*INSTRUCTIONS TO FOLLOW*.
Repeat each entry as written, dropping any picture you find.

*MATERIAL FOR THIS TASK*.
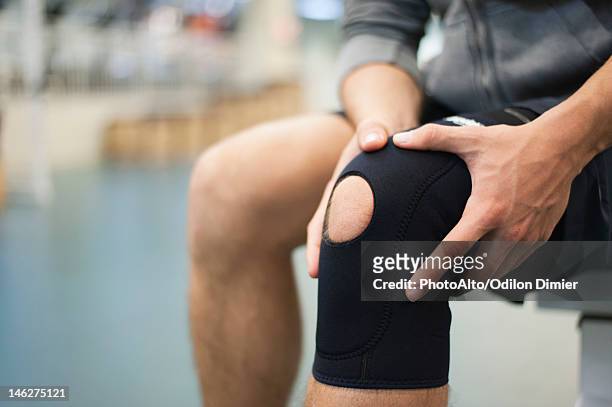 man wearing knee brace, cropped - orthopädie stock-fotos und bilder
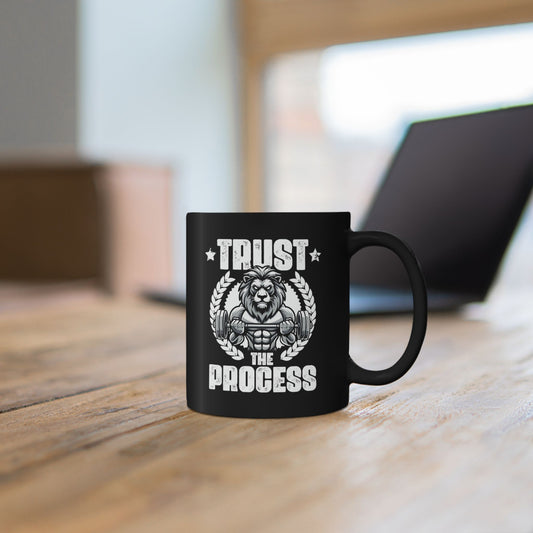 Person holding a black mug with a lion Trust The Process gym motivational graphic.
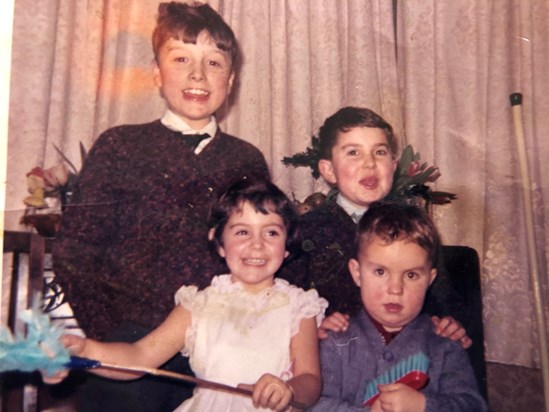A Christmas/New Year party 'down home'.  Pictured are the cousins - Peter, Jeffrey, myself (Gill) and of course John.  Circa 1964/5?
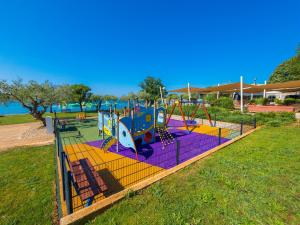 a playground in a park next to the water at Eurocamp Tents at Campsite Polari in Rovinj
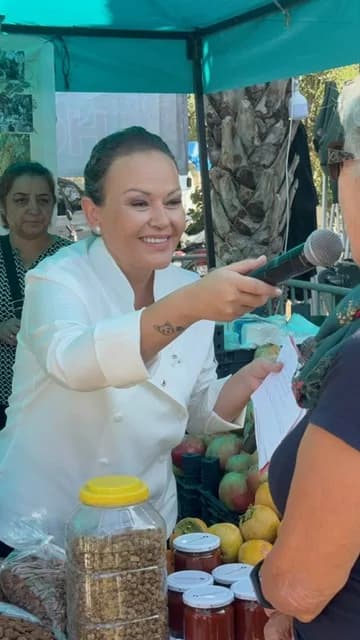 Çadırlı bir pazar tezgâhı: Özlem beyaz şef ceketiyle mikrofonu tezgâhtaki birine uzatıyor; önde kavanozlar ve meyve.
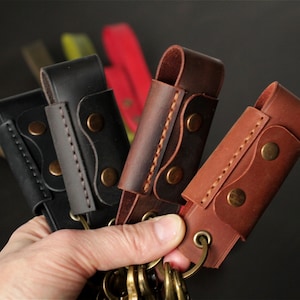 May include: A hand holding several leather keychains in various shades of brown and black. Each keychain has a loop for keys, secured with brass-colored rivets and stitching. The background is blurred, with hints of other colors.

*EXPECTED ANSWER*.
 man wearing knee brace, cropped - orthopädie stock-fotos und bilder
 Person holding a black mug with a lion Trust The Process gym motivational graphic.
A Christmas/New Year party 'down home'.  Pictured are the cousins - Peter, Jeffrey, myself (Gill) and of course John.  Circa 1964/5?
 a playground in a park next to the water at Eurocamp Tents at Campsite Polari in Rovinj
 Çadırlı bir pazar tezgâhı: Özlem beyaz şef ceketiyle mikrofonu tezgâhtaki birine uzatıyor; önde kavanozlar ve meyve.
 May include: A hand holding several leather keychains in various shades of brown and black. Each keychain has a loop for keys, secured with brass-colored rivets and stitching. The background is blurred, with hints of other colors.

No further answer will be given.